→ **WHAT YOU HAVE TO DO**: Give back the full listing verbatim, apart from its images.

→ **COLLECTED DATA**:
Segment Open
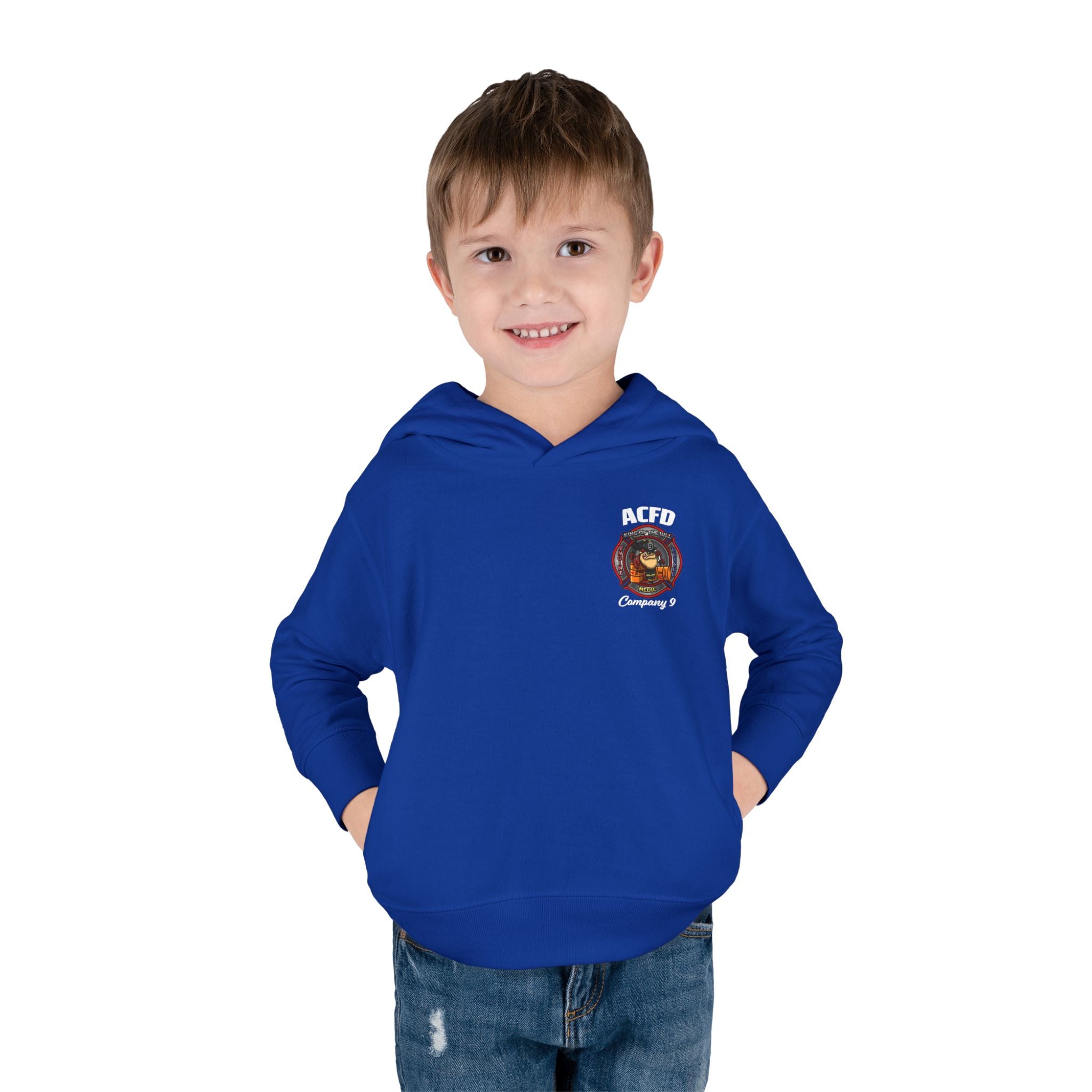 Station 9 Engine - Toddler Pullover Fleece Hoodie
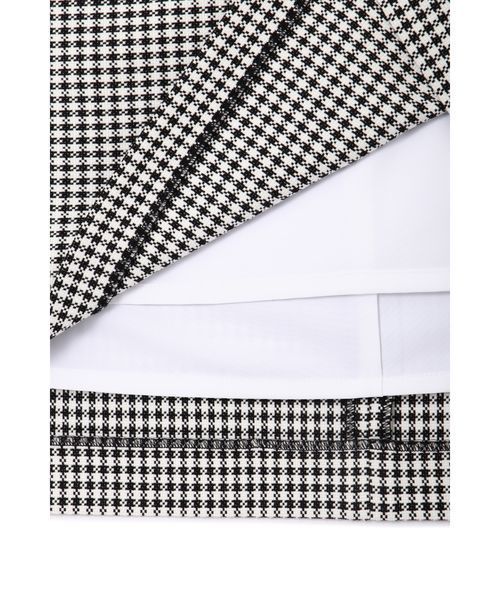 PINKY&DIANNE（ピンキーアンドダイアン）の「ギンガムストレッチラップレイヤードスカート（スカート・レディース・ブラック系その他/グリーン系その他・38/36/34）」の3枚目の写真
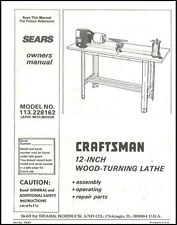 Used, OPERATOR MANUAL FITS SEARS CRAFTSMAN 12 INCH WOOD LATHE 113.22816 for sale  New York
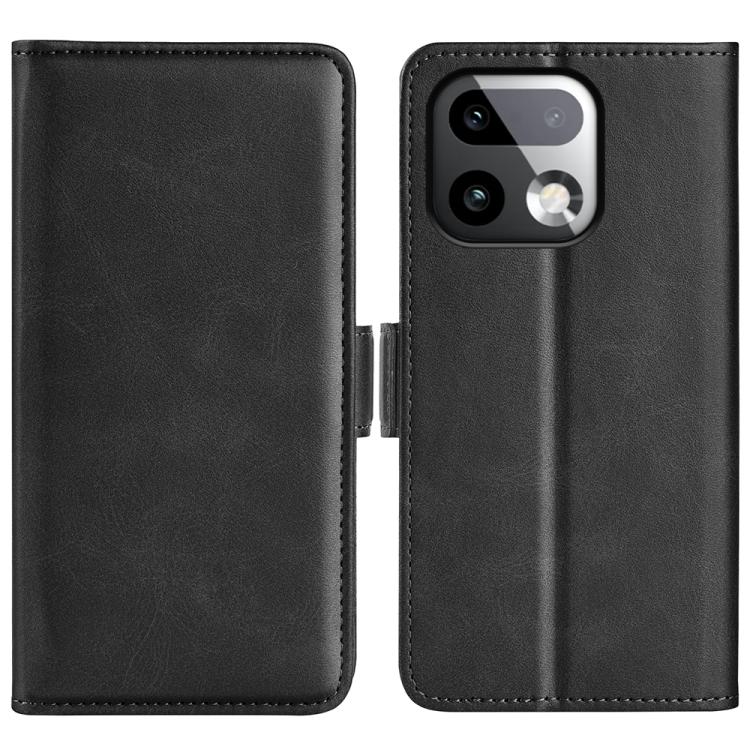 

For Realme 16 Pro+ 5G Dual-side Magnetic Buckle Horizontal Flip Leather Phone Case(Black)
Segment Closed
→ **EXERCISE RESULT**:
 Station 9 Engine - Toddler Pullover Fleece Hoodie
 PINKY&DIANNE（ピンキーアンドダイアン）の「ギンガムストレッチラップレイヤードスカート（スカート・レディース・ブラック系その他/グリーン系その他・38/36/34）」の3枚目の写真
 Used, OPERATOR MANUAL FITS SEARS CRAFTSMAN 12 INCH WOOD LATHE 113.22816 for sale  New York

For Realme 16 Pro+ 5G Dual-side Magnetic Buckle Horizontal Flip Leather Phone Case(Black)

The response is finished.